Des bateaux jusqu’à l’indigestion ; mais le petit Jo, Jacques en était certain et ça le faisait sourire rien que d’y penser, ne ressentirait jamais un tel trop-plein.

 

Sa mère avait entendu Joseph se redresser dans son lit avant même qu’il ne l’appelle. Depuis leur installation à Arzon, le rituel était parfaitement rodé : ôter le pyjama, assoir son « grand petit bout » dans son fauteuil pour un premier tour jusqu’à la salle de bain, la toilette au gant, le choix des vêtements du jour (ce jeudi, ils seraient chauds, avec pour sortir le ciré de rigueur (jaune, avec la silhouette d’un marin genre Playmobil sur la poche de devant), parce que la météo annonçait une température quasi hivernale et un risque de précipitations de 90% en fin de journée avec une fiabilité de 75%).

Mais pas question de renoncer à mettre le nez dehors, c’était aujourd’hui l’ouverture du salon nautique du Mille Sabords !!!

Joseph avala son petit déjeuner avec toute l’impatience née de la perspective d’une journée mille fois espérée, c’était le cas de le dire, et donc déjà mille fois vécue ! Son père prit le relais de Mathilde pour installer leur fils ainé dans la voiture avant de ranger le fauteuil pliant dans le coffre. Pour la première fois depuis des mois, Jacques ressentit une excitation bien proche de la joie. 

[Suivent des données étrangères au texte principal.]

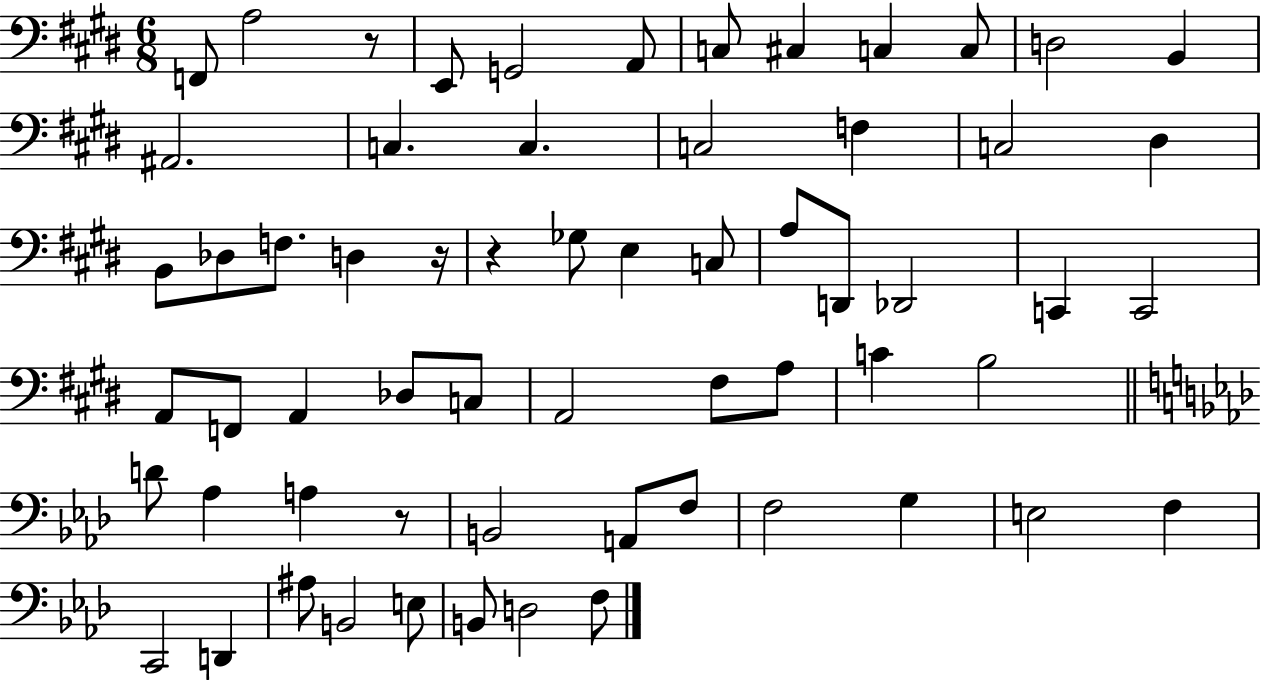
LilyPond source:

{
  \clef bass
  \numericTimeSignature
  \time 6/8
  \key e \major
  \repeat volta 2 { f,8 a2 r8 | e,8 g,2 a,8 | c8 cis4 c4 c8 | d2 b,4 | \break ais,2. | c4. c4. | c2 f4 | c2 dis4 | \break b,8 des8 f8. d4 r16 | r4 ges8 e4 c8 | a8 d,8 des,2 | c,4 c,2 | \break a,8 f,8 a,4 des8 c8 | a,2 fis8 a8 | c'4 b2 | \bar "||" \break \key aes \major d'8 aes4 a4 r8 | b,2 a,8 f8 | f2 g4 | e2 f4 | \break c,2 d,4 | ais8 b,2 e8 | b,8 d2 f8 | } \bar "|."
}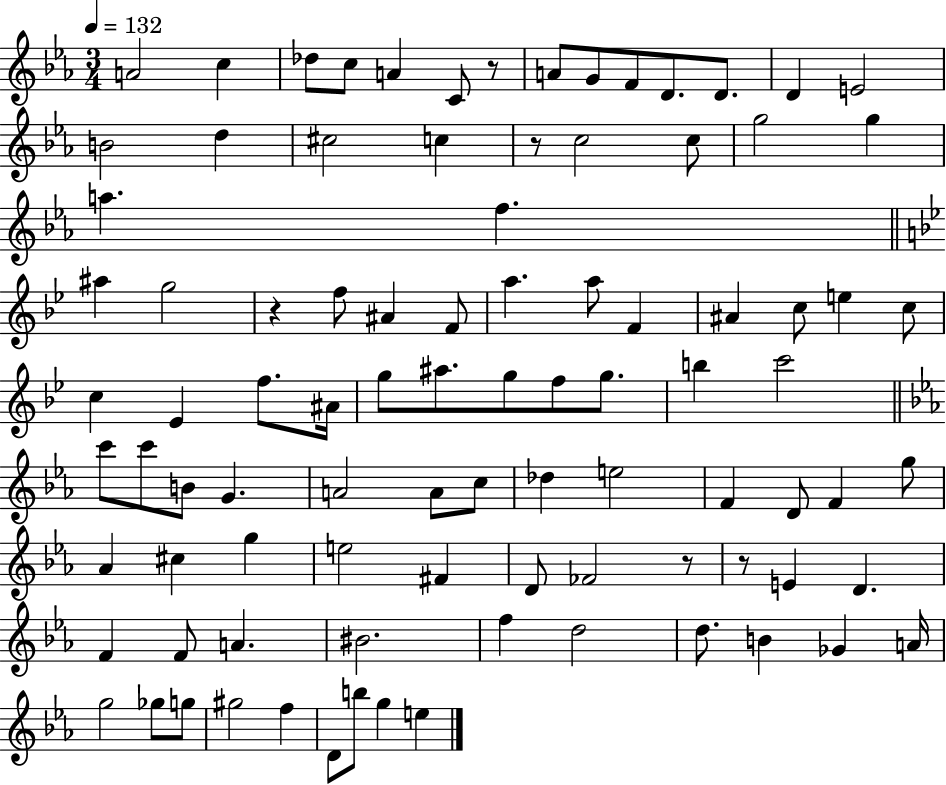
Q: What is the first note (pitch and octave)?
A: A4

Mais il pria pour que ce qu’il avait prévu pour son gamin transforme ce sentiment en certitude. Patience ! Encore un peu de patience et beaucoup d’espoir !

Allez hop !!! C’était parti pour vivre enfin des heures de subtiles comparaisons entre quillards et dériveurs, de questions pointues aux propriétaires vendeurs et aux visiteurs semblant s’y connaitre et qui seraient surpris du savoir nautique déjà emmagasiné par ce garçon d’à peine 11 ans. Joseph était aux anges, par avance. Son rêve allait enfin prendre vie, et là, pas de « Chprissh, fffouchh, chprissh, fffouchh !!! » du réveil pour l’interrompre. Il ne rentrerait qu’à la nuit tombée, il se l’était promis, juré craché !!!

 

Jacques avait pris contact avec eux quelque temps après leur installation en Bretagne. Un peu par hasard. Mathilde lui avait dit : « Va faire un tour, mon chéri, faut que tu décompresses, sinon on ne va pas tenir ». Il trainait donc sa tristesse sur le port presque désert en cette heure très matinale et s’était approché d’un barnum dressé juste devant la Capitainerie. Une assoce y présentait les différentes étapes par lesquelles passer quand on restaure un vieux gréement, l’objectif étant de séduire d’éventuels bénévoles et aussi peut-être quelques rares et généreux donateurs. 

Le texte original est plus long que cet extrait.